Okay, I'm going to make an ad hominem attack: on top of being a scumfuck, John Rocker is
a very, very ugly man. Is this modern masculinity?
Is this a template for how boys should look these days? Eeeeew.
For example, last night Maddy and I were walking to Dana's, and a homeless guy tried unsuccessfully to get our attention. (My desensitization is quite complete; Maddy's still hasn't quite set in, but I'm sure it will.) We didn't even so much as look at him, yet he still called after us, "God bless you!" I hate that. I really, really, really hate that. It's a knee-jerk attempt at guilt, a pseudo-piousness which I should think would be insulting to true believers. Practically taking their Lord's name in vain; how is it any better than saying "goddamnit," really? Furthermore, who's the one on the street? Who requires god's blessing in this instance? I've seen many homeless people holding signs with "God Bless You" on them (usually underneath the mini-bio describing them as HIV+ veterans with three kids), but have yet to see one that says "Forsaken by God." That person, I'll give money to.
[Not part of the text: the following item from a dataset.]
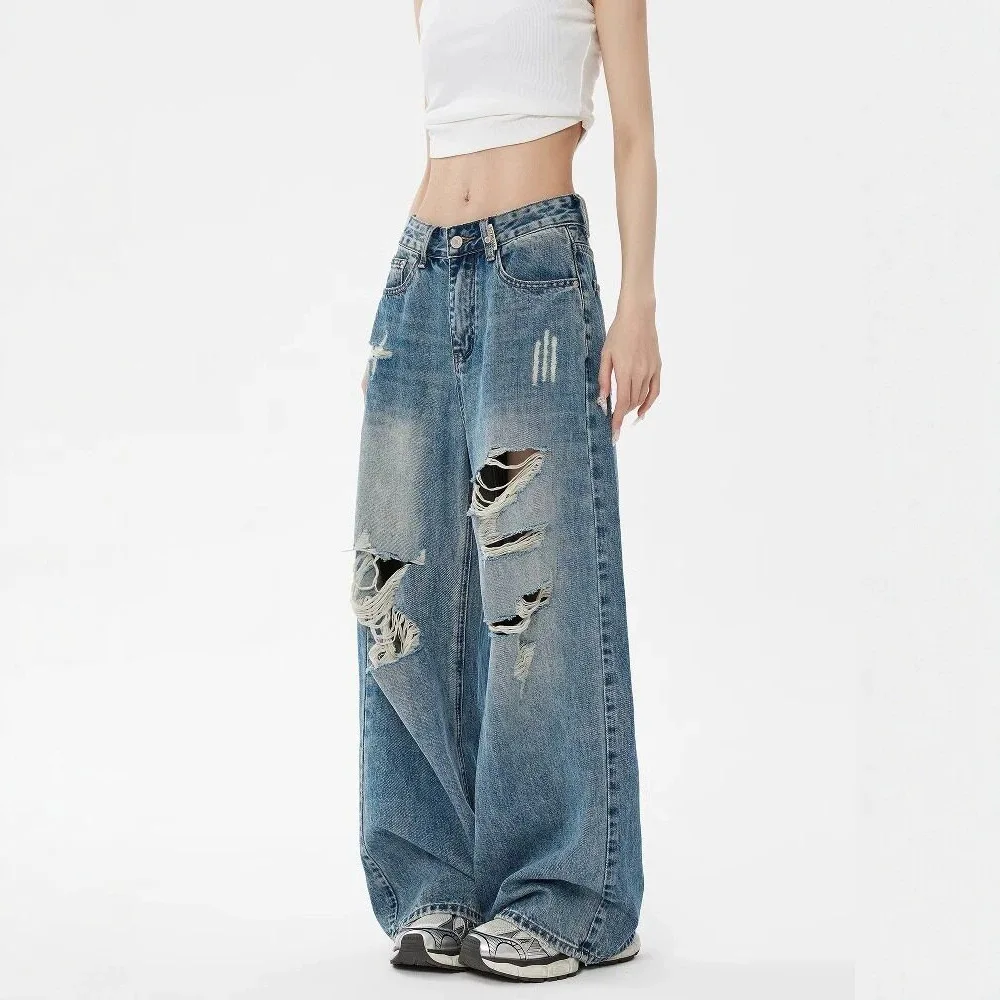American Retro Loose Ripped Jeans Women's 2026 New Lazy Wind Drooping Straight Mopping Long Pants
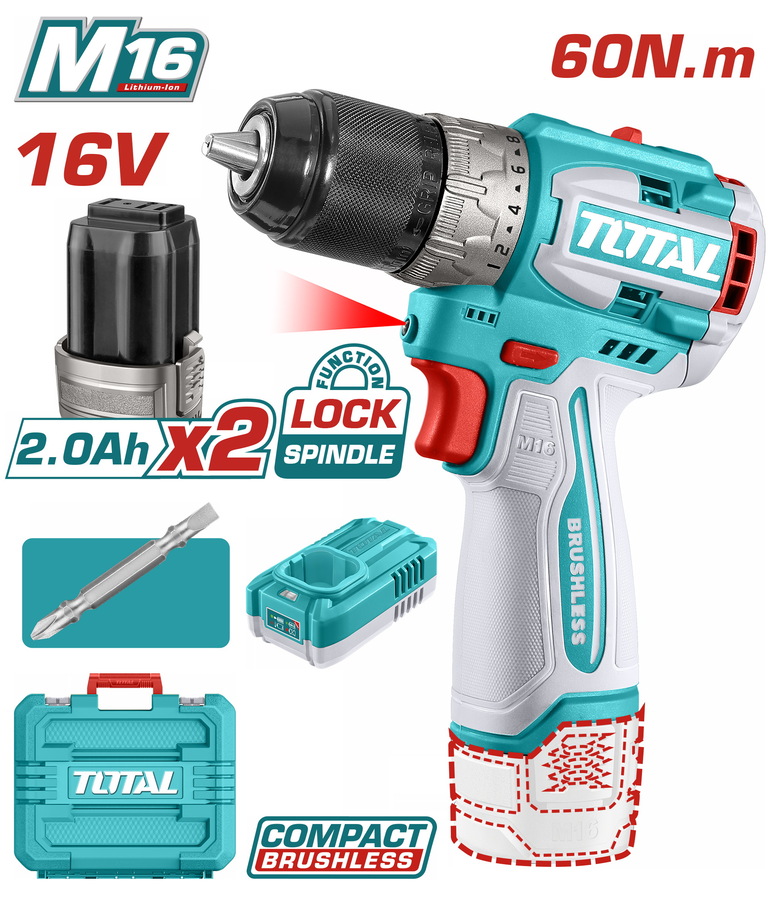 TDLI16682 TOTAL ΕΠΑΓΓ. ΔΡΑΠ/ΒΙΔΟ ΜΠΑΤ. Li-ion 16V / 2Ah / 60Nm / 2 ΜΠΑΤ (TDLI16682) - Image 1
I hardly think Jesus is the only person who ever looked heavenward and cried out, "Who said you could take a fucking coffee break?" (Hey, can you prove that isn't actually what he said?) So I did something uncalled for: back over my shoulder, I replied, "There is no god." Mean, mean, mean. We passed by him again a little later, on the opposite side of the street. This time, his appeal had changed a little (and he looked like he was on autopilot anyway): "They took my blankets." Without stopping, I corrected him: "God took your blankets." I am officially a Bad Person.
For the record, people I will give change to: anyone with a cat, playing a banjo, playing a Neil Young song
on a guitar (playing it on a banjo will result in a donation of at least a dollar), or feeding birds. And
I contribute to the Larkin Street Youth Center, the services of which I might have needed had things
gone a little differently when I was younger.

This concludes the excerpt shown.